» **WHAT IS BEING ASKED**
After locating the line with "Parmi d'étranges victimes" in the data that follows, return it and every later line exactly, up to and including the line with "Taste My Love (Pessto Remix)/Tyrese／Pessto".

» **DATA TO USE**
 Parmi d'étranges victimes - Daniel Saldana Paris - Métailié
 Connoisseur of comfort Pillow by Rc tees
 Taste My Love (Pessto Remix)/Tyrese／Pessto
--
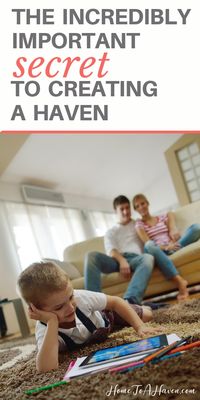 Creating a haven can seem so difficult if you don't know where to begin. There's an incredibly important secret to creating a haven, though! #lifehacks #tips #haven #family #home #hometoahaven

» **RESULT OF THIS TASK**
 Parmi d'étranges victimes - Daniel Saldana Paris - Métailié
 Connoisseur of comfort Pillow by Rc tees
 Taste My Love (Pessto Remix)/Tyrese／Pessto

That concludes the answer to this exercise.